Au moment de l’écriture de ce long poème en prose, il est venu dix-sept fois, il a observé dix-sept hivers le visage de cette ville. Car l’oeil est le sens roi dans une cité qui lance un défi à la beauté. 
L’oeil acquiert dans cette ville une autonomie comparable à celle d’une larme. 
Ici, les nuits sont pauvres en cauchemars mais elles peuvent être froides, très froides même dans les appartements de circonstance aux plafonds élevés que le poète déniche pour ses pèlerinages annuels. Tout autour la ville toute entière est comme un orchestre gigantesque. 
Quand au titre du livre, l’acqua alta, le poète russe la définit par cette phrase: 

Les soirs d’hiver, la mer, gonflée par un vent d’est contraire remplit à ras bord les canaux et parfois les fait déborder. (...) Les rues se vident; boutiques, bars, restaurants et trattorias baissent leur rideau. Seules les enseignes restent allumées, s’autorisant enfin un peu de narcissisme tandis que le pavé fait un instant, superficiellement, concurrence aux canaux. 

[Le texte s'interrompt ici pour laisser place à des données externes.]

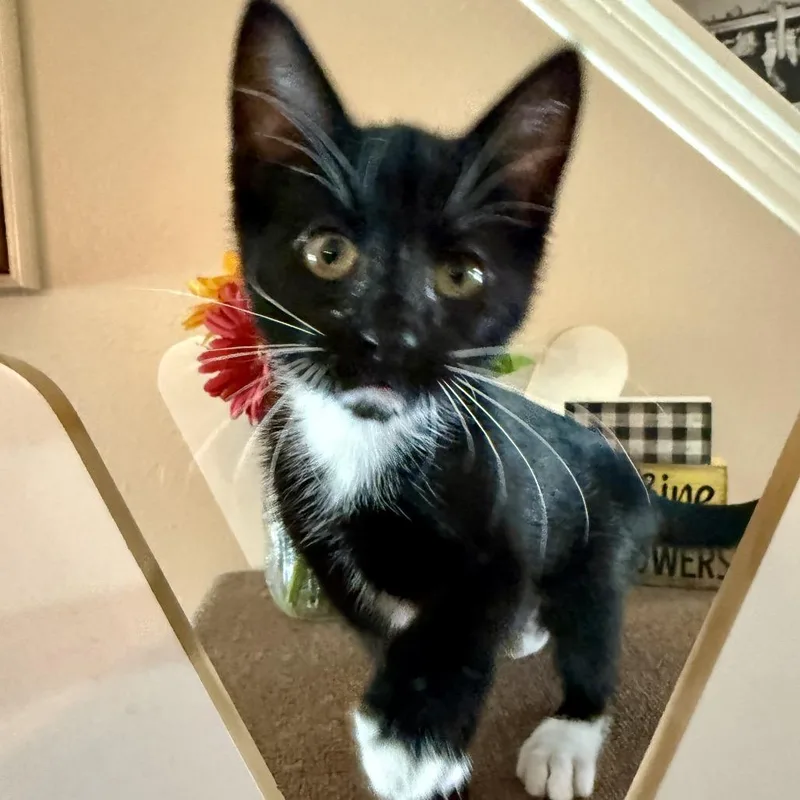 A baby small-sized female Black Domestic Short Hair cat named Bootsie for adoption in Houston, TX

Voilà un beau texte, très littéraire, où le poète russe cherche à comprendre sa fascination pour la cité des Doges, il mêle souvenirs personnels (visite d’un palazzo et son enfilade de pièces vides, ses tentures, ses miroirs et la poussière) et impressions fugaces, descriptions saisissantes 
Le brouillard local, la fameuse nebbia gommant tout ce qui a une forme: édifices, gens colonnades, ponts et statues... le tunnel que s’est foré dans le brouillard votre propre corps...

sans rien cacher des difficultés de la vie pratique, les difficultés à venir et à vivre ici, d’y trouver un logement, et son coeur malade qui fait peser sur sa vie comme une menace. Ce livre, écrit en anglais, fut publié en 1992, quatre ans avant la mort de Joseph Brodsky.